Seed dataset columns bootstrap generation from existing data. Provide a real dataset, and those columns become available as context for generating new synthetic data.

Typical pattern: use seed data for one part of your schema (real product names and categories), then generate synthetic fields around it (customer reviews, purchase histories, ratings). The seed data provides realism and constraints; generated columns add volume and variation.

### 🔧 Custom Columns

Custom columns let you implement your own generation logic using Python functions. Use the `@custom_column_generator` decorator to declare dependencies, and the framework handles DAG ordering and parallelization.

Two generation strategies:

* **`cell_by_cell`** (default): Function receives one row, framework parallelizes
* **`full_column`**: Function receives entire DataFrame for vectorized operations

For LLM access, declare `model_aliases` in the decorator and receive a `models` dict as the third argument. See [Custom Columns](/concepts/custom-columns) for details.
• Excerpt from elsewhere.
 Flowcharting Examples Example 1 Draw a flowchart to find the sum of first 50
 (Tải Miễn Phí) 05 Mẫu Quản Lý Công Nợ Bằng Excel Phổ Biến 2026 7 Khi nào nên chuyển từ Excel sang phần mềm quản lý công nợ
## Shared Column Properties

Every column configuration inherits from `SingleColumnConfig` with these standard properties:

### `name`

The column's identifier—unique within your configuration, used in Jinja2 references, and becomes the column name in the output DataFrame. Choose descriptive names: `user_review` > `col_17`.

### `drop`

Boolean flag (default: `False`) controlling whether the column appears in final output. Setting `drop=True` generates the column (available as a dependency) but excludes it from final output.

**When to drop columns:**

* Intermediate calculations that feed expressions but aren't meaningful standalone
* Context columns used only for LLM prompt templates
* Validation results during development unwanted in production

Dropped columns participate fully in generation and the dependency graph—just filtered out at the end.

### `column_type`

Literal string identifying the column type: `"sampler"`, `"llm-text"`, `"expression"`, etc. Set automatically by each configuration class and serves as Pydantic's discriminator for deserialization.

You rarely set this manually—instantiating `LLMTextColumnConfig` automatically sets `column_type="llm-text"`. Serialization is reversible: save to YAML, load later, and Pydantic reconstructs the exact objects.

### `required_columns`

Computed property listing columns that must be generated before this one. The framework derives this automatically:

* For LLM/Expression columns: extracted from Jinja2 template `{{ variables }}`
* For Validation columns: explicitly listed target columns
* For Sampler columns with conditional parameters: columns referenced in conditions

You read this property for introspection but never set it—always computed from configuration details.

### `side_effect_columns`

Computed property listing columns created implicitly alongside the primary column. Currently, only LLM columns produce side effects:

* `{name}__trace`: Created when `with_trace` is not `TraceType.NONE` on the column.
* `{name}__reasoning_content`: Created when `extract_reasoning_content=True` on the column.

For detailed information on each column type, refer to the [column configuration code reference](/code-reference/config/column-configs).